Ivanhoe’s Rebecca, however, has been long speculated to be based on an actual Jewish-American woman named Rebecca Gratz (Lewin 178). Though Scott never confirmed Rebecca was based on Gratz, Gratz certainly enjoyed the idea that she shared Rebecca’s name. Shortly after the release of Ivanhoe (4 Apr. 1820), Rebecca wrote her sister-in-law, “Have you received Ivanhoe? When you read it tell me what you think of my namesake Rebecca” (qtd. in Philipson 20). Later, in a separate letter (10 May 1820), Gratz writes to her sister-in-law again, “I am glad you admire Rebecca for she is such a representative of a good girl as I think human nature can reach- Ivanhoe’s insensibility to her, you must recollect, may be accounted to his previous attachment -his prejudice was a characteristic of the age he lived in” (qtd. in Philipson 20). Most interestingly, like Scott, Gratz is quite satisfied with the idea that Rebecca, a Jewish woman, could not marry Ivanhoe, a Christian man, because it would be historically implausible. Moreover, contemporaneous accounts of Gratz described her as Scott describes Rebecca. For example, Hannah London in a book about early American portraits of Jews (1927) writes, “I noted [Gratz’s] soft, dark brown eyes, her olive complexion and brown curly hair” (qtd. in Lewin 191-2). Similarly, John Sartain writes in his memoirs (1899), “Her [Gratz’s] eyes struck me as piercingly dark” (qtd. in Lewin 192).
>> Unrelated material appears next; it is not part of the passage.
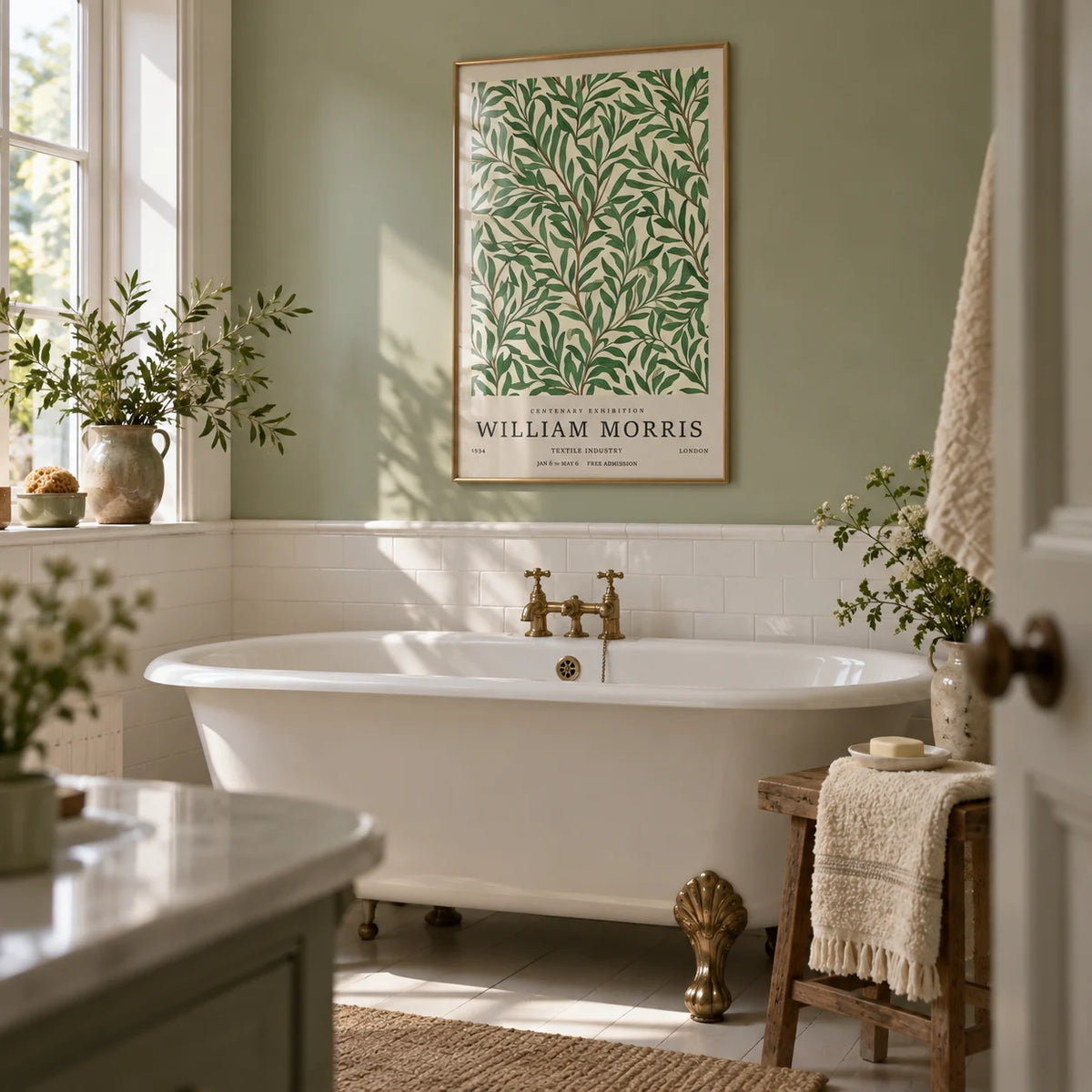 Classic Art Posters, framed on the wall of a cottage bathroom with a soft sage green wall and plain white tiles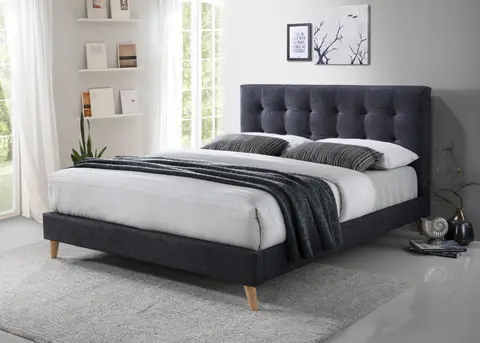 4ft6 Double Novara Dark Grey Fabric Upholstered Bed Frame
Though Gratz and Rebecca seem to be strikingly similar, there is no historical evidence that Scott was aware of Gratz, and their shared namesake is likely based on the Rebecca of the Hebrew Bible, the wife of Isaac and mother of Jacob. According to Scott’s son-in-law, when presented with the question if Rebecca is based on an actual a woman, he reported, “the introduction of the Jewish scenes is stated to be due to the conversation of Scott’s friend James Skene, who had lived in Germany, from 1802 to 1814, and had there observed Jews, with their special costume, in their ghettoes” (qtd. in Jacobs 54). Given the description of Gratz and her own interpretation of the Rebecca and Ivanhoe relationship, Scott’s description of Rebecca seems based on nineteenth century stereotypes of Jewish women—that is, at least, partially due to the misrepresentation of Jews in English history.